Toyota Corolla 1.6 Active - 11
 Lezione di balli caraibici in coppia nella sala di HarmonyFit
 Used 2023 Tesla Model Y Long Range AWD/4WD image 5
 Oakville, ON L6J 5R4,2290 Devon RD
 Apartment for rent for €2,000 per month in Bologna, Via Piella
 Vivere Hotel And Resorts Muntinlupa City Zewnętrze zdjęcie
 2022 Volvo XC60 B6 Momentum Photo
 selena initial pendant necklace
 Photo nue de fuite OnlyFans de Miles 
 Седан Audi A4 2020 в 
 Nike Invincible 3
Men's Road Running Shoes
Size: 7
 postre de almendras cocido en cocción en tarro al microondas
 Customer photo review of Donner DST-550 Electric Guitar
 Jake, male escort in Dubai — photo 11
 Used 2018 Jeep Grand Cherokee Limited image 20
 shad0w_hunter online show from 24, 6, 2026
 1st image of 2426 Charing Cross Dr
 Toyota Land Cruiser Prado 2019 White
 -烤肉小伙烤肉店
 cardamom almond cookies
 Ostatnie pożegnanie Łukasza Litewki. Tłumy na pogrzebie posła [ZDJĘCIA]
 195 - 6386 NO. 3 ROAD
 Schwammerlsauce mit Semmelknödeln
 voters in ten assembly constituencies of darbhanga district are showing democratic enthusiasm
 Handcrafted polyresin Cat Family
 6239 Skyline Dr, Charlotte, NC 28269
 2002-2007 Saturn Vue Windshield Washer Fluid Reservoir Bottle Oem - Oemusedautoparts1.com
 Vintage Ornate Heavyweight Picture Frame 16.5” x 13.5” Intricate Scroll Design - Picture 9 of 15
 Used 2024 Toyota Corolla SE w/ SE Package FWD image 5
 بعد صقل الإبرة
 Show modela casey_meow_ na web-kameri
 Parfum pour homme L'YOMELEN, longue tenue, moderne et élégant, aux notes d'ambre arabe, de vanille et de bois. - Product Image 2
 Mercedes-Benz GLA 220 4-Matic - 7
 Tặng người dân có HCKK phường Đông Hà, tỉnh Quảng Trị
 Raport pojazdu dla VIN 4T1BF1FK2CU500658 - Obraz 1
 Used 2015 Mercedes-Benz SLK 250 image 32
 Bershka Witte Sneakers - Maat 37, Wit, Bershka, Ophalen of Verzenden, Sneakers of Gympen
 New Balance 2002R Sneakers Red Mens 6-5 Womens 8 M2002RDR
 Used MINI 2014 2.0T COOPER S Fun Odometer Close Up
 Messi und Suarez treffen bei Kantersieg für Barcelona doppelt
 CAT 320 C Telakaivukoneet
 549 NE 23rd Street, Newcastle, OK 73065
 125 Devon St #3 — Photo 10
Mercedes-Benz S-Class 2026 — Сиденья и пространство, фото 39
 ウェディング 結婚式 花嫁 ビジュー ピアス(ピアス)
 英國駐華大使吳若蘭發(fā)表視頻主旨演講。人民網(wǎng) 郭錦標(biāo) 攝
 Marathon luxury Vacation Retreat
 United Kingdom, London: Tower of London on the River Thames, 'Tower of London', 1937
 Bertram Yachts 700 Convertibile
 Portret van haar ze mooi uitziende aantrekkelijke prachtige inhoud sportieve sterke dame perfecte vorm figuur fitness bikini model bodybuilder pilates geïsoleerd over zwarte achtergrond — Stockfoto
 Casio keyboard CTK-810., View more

◇ ◇ ◇ ◇

### [ASSIGNMENT]
Each line of the material should be echoed exactly.

### [RESULT]
Toyota Corolla 1.6 Active - 11
 Lezione di balli caraibici in coppia nella sala di HarmonyFit
 Used 2023 Tesla Model Y Long Range AWD/4WD image 5
 Oakville, ON L6J 5R4,2290 Devon RD
 Apartment for rent for €2,000 per month in Bologna, Via Piella
 Vivere Hotel And Resorts Muntinlupa City Zewnętrze zdjęcie
 2022 Volvo XC60 B6 Momentum Photo
 selena initial pendant necklace
 Photo nue de fuite OnlyFans de Miles 
 Седан Audi A4 2020 в 
 Nike Invincible 3
Men's Road Running Shoes
Size: 7
 postre de almendras cocido en cocción en tarro al microondas
 Customer photo review of Donner DST-550 Electric Guitar
 Jake, male escort in Dubai — photo 11
 Used 2018 Jeep Grand Cherokee Limited image 20
 shad0w_hunter online show from 24, 6, 2026
 1st image of 2426 Charing Cross Dr
 Toyota Land Cruiser Prado 2019 White
 -烤肉小伙烤肉店
 cardamom almond cookies
 Ostatnie pożegnanie Łukasza Litewki. Tłumy na pogrzebie posła [ZDJĘCIA]
 195 - 6386 NO. 3 ROAD
 Schwammerlsauce mit Semmelknödeln
 voters in ten assembly constituencies of darbhanga district are showing democratic enthusiasm
 Handcrafted polyresin Cat Family
 6239 Skyline Dr, Charlotte, NC 28269
 2002-2007 Saturn Vue Windshield Washer Fluid Reservoir Bottle Oem - Oemusedautoparts1.com
 Vintage Ornate Heavyweight Picture Frame 16.5” x 13.5” Intricate Scroll Design - Picture 9 of 15
 Used 2024 Toyota Corolla SE w/ SE Package FWD image 5
 بعد صقل الإبرة
 Show modela casey_meow_ na web-kameri
 Parfum pour homme L'YOMELEN, longue tenue, moderne et élégant, aux notes d'ambre arabe, de vanille et de bois. - Product Image 2
 Mercedes-Benz GLA 220 4-Matic - 7
 Tặng người dân có HCKK phường Đông Hà, tỉnh Quảng Trị
 Raport pojazdu dla VIN 4T1BF1FK2CU500658 - Obraz 1
 Used 2015 Mercedes-Benz SLK 250 image 32
 Bershka Witte Sneakers - Maat 37, Wit, Bershka, Ophalen of Verzenden, Sneakers of Gympen
 New Balance 2002R Sneakers Red Mens 6-5 Womens 8 M2002RDR
 Used MINI 2014 2.0T COOPER S Fun Odometer Close Up
 Messi und Suarez treffen bei Kantersieg für Barcelona doppelt
 CAT 320 C Telakaivukoneet
 549 NE 23rd Street, Newcastle, OK 73065
 125 Devon St #3 — Photo 10
Mercedes-Benz S-Class 2026 — Сиденья и пространство, фото 39
 ウェディング 結婚式 花嫁 ビジュー ピアス(ピアス)
 英國駐華大使吳若蘭發(fā)表視頻主旨演講。人民網(wǎng) 郭錦標(biāo) 攝
 Marathon luxury Vacation Retreat
 United Kingdom, London: Tower of London on the River Thames, 'Tower of London', 1937
 Bertram Yachts 700 Convertibile
 Portret van haar ze mooi uitziende aantrekkelijke prachtige inhoud sportieve sterke dame perfecte vorm figuur fitness bikini model bodybuilder pilates geïsoleerd over zwarte achtergrond — Stockfoto
 Casio keyboard CTK-810., View more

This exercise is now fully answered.